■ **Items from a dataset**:
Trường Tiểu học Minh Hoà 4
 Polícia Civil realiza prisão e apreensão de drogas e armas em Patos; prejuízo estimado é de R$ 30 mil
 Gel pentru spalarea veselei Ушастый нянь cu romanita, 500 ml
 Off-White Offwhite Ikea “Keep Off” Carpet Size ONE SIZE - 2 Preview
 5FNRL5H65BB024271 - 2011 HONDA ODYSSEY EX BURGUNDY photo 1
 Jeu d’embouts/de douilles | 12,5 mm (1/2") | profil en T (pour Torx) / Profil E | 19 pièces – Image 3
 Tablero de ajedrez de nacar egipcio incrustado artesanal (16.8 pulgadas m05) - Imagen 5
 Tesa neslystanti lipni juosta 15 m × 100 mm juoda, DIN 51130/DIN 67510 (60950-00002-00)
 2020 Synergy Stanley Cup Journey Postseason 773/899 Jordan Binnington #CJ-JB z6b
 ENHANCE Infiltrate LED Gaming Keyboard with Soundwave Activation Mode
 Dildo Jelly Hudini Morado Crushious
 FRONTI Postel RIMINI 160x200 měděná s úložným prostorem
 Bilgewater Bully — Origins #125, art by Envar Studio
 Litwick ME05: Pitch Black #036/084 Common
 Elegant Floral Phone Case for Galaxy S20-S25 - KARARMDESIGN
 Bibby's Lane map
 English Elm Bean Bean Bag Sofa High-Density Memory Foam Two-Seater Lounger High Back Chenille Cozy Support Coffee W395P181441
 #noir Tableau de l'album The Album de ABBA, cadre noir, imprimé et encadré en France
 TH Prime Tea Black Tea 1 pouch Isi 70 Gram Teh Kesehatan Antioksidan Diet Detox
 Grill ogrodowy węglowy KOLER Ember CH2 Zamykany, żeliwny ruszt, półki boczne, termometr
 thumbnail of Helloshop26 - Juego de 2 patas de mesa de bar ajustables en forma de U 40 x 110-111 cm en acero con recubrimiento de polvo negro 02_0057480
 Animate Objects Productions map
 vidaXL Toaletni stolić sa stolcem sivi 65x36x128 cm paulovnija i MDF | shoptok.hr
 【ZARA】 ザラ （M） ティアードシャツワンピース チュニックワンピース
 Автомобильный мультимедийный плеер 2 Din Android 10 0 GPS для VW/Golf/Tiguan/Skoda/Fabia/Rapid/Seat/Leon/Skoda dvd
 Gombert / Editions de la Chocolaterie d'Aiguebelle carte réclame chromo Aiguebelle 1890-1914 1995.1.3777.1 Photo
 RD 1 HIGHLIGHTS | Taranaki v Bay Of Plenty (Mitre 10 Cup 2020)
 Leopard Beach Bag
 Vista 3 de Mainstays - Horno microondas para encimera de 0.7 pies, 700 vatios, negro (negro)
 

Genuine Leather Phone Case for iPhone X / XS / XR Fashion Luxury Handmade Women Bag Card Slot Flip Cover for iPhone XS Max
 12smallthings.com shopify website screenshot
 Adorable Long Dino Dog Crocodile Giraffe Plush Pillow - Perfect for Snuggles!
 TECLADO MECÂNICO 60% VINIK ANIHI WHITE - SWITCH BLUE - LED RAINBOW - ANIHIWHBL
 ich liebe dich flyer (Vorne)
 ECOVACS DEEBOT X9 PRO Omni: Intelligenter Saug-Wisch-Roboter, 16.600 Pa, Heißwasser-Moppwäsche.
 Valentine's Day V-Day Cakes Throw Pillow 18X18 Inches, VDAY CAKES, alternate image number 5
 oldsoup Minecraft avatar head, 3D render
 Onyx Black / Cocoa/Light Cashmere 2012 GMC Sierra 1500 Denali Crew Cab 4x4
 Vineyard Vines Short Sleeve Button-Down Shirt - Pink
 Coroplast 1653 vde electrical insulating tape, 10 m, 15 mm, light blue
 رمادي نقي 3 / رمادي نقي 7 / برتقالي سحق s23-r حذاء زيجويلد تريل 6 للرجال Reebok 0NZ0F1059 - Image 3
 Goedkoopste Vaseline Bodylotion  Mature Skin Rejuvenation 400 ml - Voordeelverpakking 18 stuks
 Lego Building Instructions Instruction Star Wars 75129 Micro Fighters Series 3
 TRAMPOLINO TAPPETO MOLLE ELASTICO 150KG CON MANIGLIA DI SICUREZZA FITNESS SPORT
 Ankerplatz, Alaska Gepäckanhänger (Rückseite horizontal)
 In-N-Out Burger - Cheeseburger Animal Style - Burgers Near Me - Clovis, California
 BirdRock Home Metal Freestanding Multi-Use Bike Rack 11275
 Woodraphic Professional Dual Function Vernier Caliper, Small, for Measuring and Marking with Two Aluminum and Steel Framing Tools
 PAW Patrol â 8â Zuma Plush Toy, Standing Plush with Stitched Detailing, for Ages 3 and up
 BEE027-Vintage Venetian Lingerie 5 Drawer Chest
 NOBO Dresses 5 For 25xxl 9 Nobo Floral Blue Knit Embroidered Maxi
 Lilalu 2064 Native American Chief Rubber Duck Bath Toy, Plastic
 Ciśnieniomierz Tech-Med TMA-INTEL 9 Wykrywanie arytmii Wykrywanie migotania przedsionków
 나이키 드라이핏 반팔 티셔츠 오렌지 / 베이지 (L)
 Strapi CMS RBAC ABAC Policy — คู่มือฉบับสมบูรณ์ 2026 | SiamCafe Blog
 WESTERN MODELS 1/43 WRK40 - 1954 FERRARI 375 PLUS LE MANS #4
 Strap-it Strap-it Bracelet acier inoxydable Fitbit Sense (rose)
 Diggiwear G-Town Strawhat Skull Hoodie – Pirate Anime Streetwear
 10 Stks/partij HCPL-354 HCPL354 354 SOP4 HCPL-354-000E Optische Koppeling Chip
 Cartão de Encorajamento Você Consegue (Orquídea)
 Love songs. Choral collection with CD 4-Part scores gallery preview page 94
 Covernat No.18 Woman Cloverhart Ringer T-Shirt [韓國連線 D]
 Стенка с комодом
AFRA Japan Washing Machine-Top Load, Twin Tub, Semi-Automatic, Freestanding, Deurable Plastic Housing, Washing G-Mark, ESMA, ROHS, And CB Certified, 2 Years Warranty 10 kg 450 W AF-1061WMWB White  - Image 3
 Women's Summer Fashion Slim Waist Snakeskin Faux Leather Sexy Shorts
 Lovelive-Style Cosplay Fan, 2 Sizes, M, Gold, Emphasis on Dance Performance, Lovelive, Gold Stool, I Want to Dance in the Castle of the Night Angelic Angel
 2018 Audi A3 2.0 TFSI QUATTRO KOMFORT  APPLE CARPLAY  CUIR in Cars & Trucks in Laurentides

■ **Exercise details**: Your answer should be an exact transcription of the data above.

■ **Task result**:
Trường Tiểu học Minh Hoà 4
 Polícia Civil realiza prisão e apreensão de drogas e armas em Patos; prejuízo estimado é de R$ 30 mil
 Gel pentru spalarea veselei Ушастый нянь cu romanita, 500 ml
 Off-White Offwhite Ikea “Keep Off” Carpet Size ONE SIZE - 2 Preview
 5FNRL5H65BB024271 - 2011 HONDA ODYSSEY EX BURGUNDY photo 1
 Jeu d’embouts/de douilles | 12,5 mm (1/2") | profil en T (pour Torx) / Profil E | 19 pièces – Image 3
 Tablero de ajedrez de nacar egipcio incrustado artesanal (16.8 pulgadas m05) - Imagen 5
 Tesa neslystanti lipni juosta 15 m × 100 mm juoda, DIN 51130/DIN 67510 (60950-00002-00)
 2020 Synergy Stanley Cup Journey Postseason 773/899 Jordan Binnington #CJ-JB z6b
 ENHANCE Infiltrate LED Gaming Keyboard with Soundwave Activation Mode
 Dildo Jelly Hudini Morado Crushious
 FRONTI Postel RIMINI 160x200 měděná s úložným prostorem
 Bilgewater Bully — Origins #125, art by Envar Studio
 Litwick ME05: Pitch Black #036/084 Common
 Elegant Floral Phone Case for Galaxy S20-S25 - KARARMDESIGN
 Bibby's Lane map
 English Elm Bean Bean Bag Sofa High-Density Memory Foam Two-Seater Lounger High Back Chenille Cozy Support Coffee W395P181441
 #noir Tableau de l'album The Album de ABBA, cadre noir, imprimé et encadré en France
 TH Prime Tea Black Tea 1 pouch Isi 70 Gram Teh Kesehatan Antioksidan Diet Detox
 Grill ogrodowy węglowy KOLER Ember CH2 Zamykany, żeliwny ruszt, półki boczne, termometr
 thumbnail of Helloshop26 - Juego de 2 patas de mesa de bar ajustables en forma de U 40 x 110-111 cm en acero con recubrimiento de polvo negro 02_0057480
 Animate Objects Productions map
 vidaXL Toaletni stolić sa stolcem sivi 65x36x128 cm paulovnija i MDF | shoptok.hr
 【ZARA】 ザラ （M） ティアードシャツワンピース チュニックワンピース
 Автомобильный мультимедийный плеер 2 Din Android 10 0 GPS для VW/Golf/Tiguan/Skoda/Fabia/Rapid/Seat/Leon/Skoda dvd
 Gombert / Editions de la Chocolaterie d'Aiguebelle carte réclame chromo Aiguebelle 1890-1914 1995.1.3777.1 Photo
 RD 1 HIGHLIGHTS | Taranaki v Bay Of Plenty (Mitre 10 Cup 2020)
 Leopard Beach Bag
 Vista 3 de Mainstays - Horno microondas para encimera de 0.7 pies, 700 vatios, negro (negro)
 

Genuine Leather Phone Case for iPhone X / XS / XR Fashion Luxury Handmade Women Bag Card Slot Flip Cover for iPhone XS Max
 12smallthings.com shopify website screenshot
 Adorable Long Dino Dog Crocodile Giraffe Plush Pillow - Perfect for Snuggles!
 TECLADO MECÂNICO 60% VINIK ANIHI WHITE - SWITCH BLUE - LED RAINBOW - ANIHIWHBL
 ich liebe dich flyer (Vorne)
 ECOVACS DEEBOT X9 PRO Omni: Intelligenter Saug-Wisch-Roboter, 16.600 Pa, Heißwasser-Moppwäsche.
 Valentine's Day V-Day Cakes Throw Pillow 18X18 Inches, VDAY CAKES, alternate image number 5
 oldsoup Minecraft avatar head, 3D render
 Onyx Black / Cocoa/Light Cashmere 2012 GMC Sierra 1500 Denali Crew Cab 4x4
 Vineyard Vines Short Sleeve Button-Down Shirt - Pink
 Coroplast 1653 vde electrical insulating tape, 10 m, 15 mm, light blue
 رمادي نقي 3 / رمادي نقي 7 / برتقالي سحق s23-r حذاء زيجويلد تريل 6 للرجال Reebok 0NZ0F1059 - Image 3
 Goedkoopste Vaseline Bodylotion  Mature Skin Rejuvenation 400 ml - Voordeelverpakking 18 stuks
 Lego Building Instructions Instruction Star Wars 75129 Micro Fighters Series 3
 TRAMPOLINO TAPPETO MOLLE ELASTICO 150KG CON MANIGLIA DI SICUREZZA FITNESS SPORT
 Ankerplatz, Alaska Gepäckanhänger (Rückseite horizontal)
 In-N-Out Burger - Cheeseburger Animal Style - Burgers Near Me - Clovis, California
 BirdRock Home Metal Freestanding Multi-Use Bike Rack 11275
 Woodraphic Professional Dual Function Vernier Caliper, Small, for Measuring and Marking with Two Aluminum and Steel Framing Tools
 PAW Patrol â 8â Zuma Plush Toy, Standing Plush with Stitched Detailing, for Ages 3 and up
 BEE027-Vintage Venetian Lingerie 5 Drawer Chest
 NOBO Dresses 5 For 25xxl 9 Nobo Floral Blue Knit Embroidered Maxi
 Lilalu 2064 Native American Chief Rubber Duck Bath Toy, Plastic
 Ciśnieniomierz Tech-Med TMA-INTEL 9 Wykrywanie arytmii Wykrywanie migotania przedsionków
 나이키 드라이핏 반팔 티셔츠 오렌지 / 베이지 (L)
 Strapi CMS RBAC ABAC Policy — คู่มือฉบับสมบูรณ์ 2026 | SiamCafe Blog
 WESTERN MODELS 1/43 WRK40 - 1954 FERRARI 375 PLUS LE MANS #4
 Strap-it Strap-it Bracelet acier inoxydable Fitbit Sense (rose)
 Diggiwear G-Town Strawhat Skull Hoodie – Pirate Anime Streetwear
 10 Stks/partij HCPL-354 HCPL354 354 SOP4 HCPL-354-000E Optische Koppeling Chip
 Cartão de Encorajamento Você Consegue (Orquídea)
 Love songs. Choral collection with CD 4-Part scores gallery preview page 94
 Covernat No.18 Woman Cloverhart Ringer T-Shirt [韓國連線 D]
 Стенка с комодом
AFRA Japan Washing Machine-Top Load, Twin Tub, Semi-Automatic, Freestanding, Deurable Plastic Housing, Washing G-Mark, ESMA, ROHS, And CB Certified, 2 Years Warranty 10 kg 450 W AF-1061WMWB White  - Image 3
 Women's Summer Fashion Slim Waist Snakeskin Faux Leather Sexy Shorts
 Lovelive-Style Cosplay Fan, 2 Sizes, M, Gold, Emphasis on Dance Performance, Lovelive, Gold Stool, I Want to Dance in the Castle of the Night Angelic Angel
 2018 Audi A3 2.0 TFSI QUATTRO KOMFORT  APPLE CARPLAY  CUIR in Cars & Trucks in Laurentides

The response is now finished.